A. Ostrovsky / 24.05.2021

@Wolf Hagen: Wer etwa in den letzten Jahren seit 2015 schon in Fragkreich oder Italien war, wird vor Gebäuden mit Bezug zu einer jüdischen Gemeinde bewaffnete uniformierte Wachen stehen. Es sind nicht nur Synagogen, sondern auch Schulen, Kindereinrichtungen usw. In Frankreich ist es die Gendarmerie in Italien die Carabineri (offiziell jedenfalls). Welche Bedrohung dort deutsche Nazis darstellen, wage ich nicht zu vermuten, aber ich denke es ist ein anderes Clientel, vor dem der Schutz rund um die Uhr nötig ist.

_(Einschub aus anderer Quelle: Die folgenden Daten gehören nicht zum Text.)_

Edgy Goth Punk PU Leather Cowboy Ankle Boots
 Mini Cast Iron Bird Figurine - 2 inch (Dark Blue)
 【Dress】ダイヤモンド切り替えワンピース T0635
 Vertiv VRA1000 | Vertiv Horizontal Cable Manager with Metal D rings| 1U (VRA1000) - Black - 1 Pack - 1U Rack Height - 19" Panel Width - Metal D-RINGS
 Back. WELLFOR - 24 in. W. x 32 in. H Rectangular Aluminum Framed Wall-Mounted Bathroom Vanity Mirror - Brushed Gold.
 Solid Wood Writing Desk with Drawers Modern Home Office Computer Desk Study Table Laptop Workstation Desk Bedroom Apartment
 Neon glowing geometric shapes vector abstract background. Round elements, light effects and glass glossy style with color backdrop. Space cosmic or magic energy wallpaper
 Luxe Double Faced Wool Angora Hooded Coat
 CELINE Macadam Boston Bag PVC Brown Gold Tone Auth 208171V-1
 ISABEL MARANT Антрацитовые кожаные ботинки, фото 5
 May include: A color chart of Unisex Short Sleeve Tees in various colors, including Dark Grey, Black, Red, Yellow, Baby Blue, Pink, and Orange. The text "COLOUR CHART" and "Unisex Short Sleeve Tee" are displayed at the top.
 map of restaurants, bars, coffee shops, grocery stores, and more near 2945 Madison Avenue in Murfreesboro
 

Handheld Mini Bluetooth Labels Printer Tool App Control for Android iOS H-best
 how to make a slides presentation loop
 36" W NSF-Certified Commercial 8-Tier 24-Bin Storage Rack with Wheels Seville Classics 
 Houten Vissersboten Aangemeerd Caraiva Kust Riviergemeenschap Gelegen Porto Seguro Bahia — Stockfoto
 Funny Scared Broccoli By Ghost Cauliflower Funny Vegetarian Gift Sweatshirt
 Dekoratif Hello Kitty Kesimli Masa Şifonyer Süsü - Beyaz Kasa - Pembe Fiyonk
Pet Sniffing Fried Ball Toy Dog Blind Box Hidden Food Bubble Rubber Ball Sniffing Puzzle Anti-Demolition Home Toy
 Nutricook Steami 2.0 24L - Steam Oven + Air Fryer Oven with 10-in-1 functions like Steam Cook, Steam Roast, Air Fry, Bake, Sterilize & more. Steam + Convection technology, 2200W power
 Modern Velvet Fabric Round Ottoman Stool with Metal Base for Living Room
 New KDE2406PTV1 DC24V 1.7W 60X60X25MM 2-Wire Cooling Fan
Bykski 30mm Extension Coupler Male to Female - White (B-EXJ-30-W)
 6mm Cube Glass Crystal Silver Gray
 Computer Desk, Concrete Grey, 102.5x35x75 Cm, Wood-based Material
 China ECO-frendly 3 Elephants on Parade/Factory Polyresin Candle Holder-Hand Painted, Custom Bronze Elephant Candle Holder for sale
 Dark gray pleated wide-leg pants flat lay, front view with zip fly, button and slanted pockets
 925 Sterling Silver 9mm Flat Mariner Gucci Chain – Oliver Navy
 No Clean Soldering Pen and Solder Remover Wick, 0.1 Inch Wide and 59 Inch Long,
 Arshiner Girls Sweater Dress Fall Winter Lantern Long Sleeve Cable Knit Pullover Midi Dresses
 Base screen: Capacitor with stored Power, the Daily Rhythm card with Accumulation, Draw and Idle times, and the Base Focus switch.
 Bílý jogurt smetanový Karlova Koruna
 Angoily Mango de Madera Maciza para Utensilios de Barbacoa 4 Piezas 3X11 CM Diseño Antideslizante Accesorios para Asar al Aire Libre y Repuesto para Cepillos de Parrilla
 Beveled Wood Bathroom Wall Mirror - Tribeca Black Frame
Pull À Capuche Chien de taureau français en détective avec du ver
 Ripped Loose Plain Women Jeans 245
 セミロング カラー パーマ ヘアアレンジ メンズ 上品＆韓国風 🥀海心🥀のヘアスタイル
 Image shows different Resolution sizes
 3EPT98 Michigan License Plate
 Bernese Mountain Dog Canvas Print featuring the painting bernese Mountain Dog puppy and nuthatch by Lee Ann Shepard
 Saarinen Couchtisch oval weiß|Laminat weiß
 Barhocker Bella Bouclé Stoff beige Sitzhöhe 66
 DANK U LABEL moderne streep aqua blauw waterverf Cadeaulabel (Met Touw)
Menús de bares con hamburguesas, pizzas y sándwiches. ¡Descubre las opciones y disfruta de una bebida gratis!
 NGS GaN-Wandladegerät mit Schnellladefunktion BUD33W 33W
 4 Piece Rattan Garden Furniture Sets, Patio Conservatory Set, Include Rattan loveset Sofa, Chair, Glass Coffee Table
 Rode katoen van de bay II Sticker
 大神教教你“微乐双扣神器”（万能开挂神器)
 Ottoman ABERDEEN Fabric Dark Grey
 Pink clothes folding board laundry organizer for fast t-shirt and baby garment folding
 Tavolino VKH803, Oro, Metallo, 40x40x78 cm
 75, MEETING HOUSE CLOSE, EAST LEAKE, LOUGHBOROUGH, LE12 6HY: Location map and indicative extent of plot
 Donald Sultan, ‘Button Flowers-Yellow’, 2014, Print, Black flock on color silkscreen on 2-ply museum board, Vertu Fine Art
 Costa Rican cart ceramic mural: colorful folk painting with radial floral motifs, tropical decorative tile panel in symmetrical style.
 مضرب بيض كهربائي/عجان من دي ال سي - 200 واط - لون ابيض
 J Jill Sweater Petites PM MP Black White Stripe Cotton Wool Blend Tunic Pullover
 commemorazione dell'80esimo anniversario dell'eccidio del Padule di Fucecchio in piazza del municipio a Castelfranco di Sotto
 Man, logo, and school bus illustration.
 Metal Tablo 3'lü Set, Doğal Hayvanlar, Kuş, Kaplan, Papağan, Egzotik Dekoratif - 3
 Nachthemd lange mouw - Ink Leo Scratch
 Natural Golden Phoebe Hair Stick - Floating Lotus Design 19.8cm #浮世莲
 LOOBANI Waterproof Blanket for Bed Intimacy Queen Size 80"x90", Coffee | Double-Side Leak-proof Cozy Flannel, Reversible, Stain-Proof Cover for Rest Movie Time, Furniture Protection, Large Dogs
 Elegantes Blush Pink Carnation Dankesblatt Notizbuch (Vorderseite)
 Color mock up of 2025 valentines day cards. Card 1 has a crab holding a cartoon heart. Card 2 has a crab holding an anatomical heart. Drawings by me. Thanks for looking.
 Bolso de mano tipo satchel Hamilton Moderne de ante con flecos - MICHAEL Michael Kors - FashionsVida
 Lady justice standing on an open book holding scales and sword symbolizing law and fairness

Dass die Franzosen oder Italiener den Schutz aus reiner Solidarität mit dem Zentralrat der Juden in Deutschland etabliert haben, scheint auch nicht überzeugend. Dann kann es eigentlich nur um ein Kommunikationsproblem des Gemeinden in Deutschland mit denen in Frankreich und Italien sein. Vielleicht sprechen die keine gemeinsame Sprache?

A. Ostrovsky / 24.05.2021

Der Vorsitzende des ZR von 1988 bis 1992 war Heinz Galinski, der damals in den Nachrichten der “Aktuellen Kamera” so präsent war, dass ich meine es gab für Deutschland nur einen Zentralrat der Juden. Er wurde von den Oppositionellen m.E. nicht als Unterstützung ihres Anliegens angesehen, sondern suchte eher die Nähe zur Staatsführung der DDR. Aber es kann sein, dass ich das nicht mehr so ganz realistisch bewerte, weil es doch einige Zeit her ist. Es gab im September 1986 (vor Galinskis Vorsitz) eine Konsultation mit dem DDR-Staatssekretär für Kirchenfragen, Klaus Gysi, zu der es in der Stasi-Mediathek einen Bericht Gysis gibt. Vielleicht kann Herr Noll dazu etwas beitragen, ob der Zentralrat damals auch die Juden in der DDR vertrat? Oder ob sie doch eher von Klaus Gysi vertreten wurden ....

Bertram Scharpf / 24.05.2021

Rührend, mit welcher Verve unsere Politiker und der Zentralrat daran arbeiten, dem Begriff „Denkmal der Schande“ Bedeutung einzuhauchen.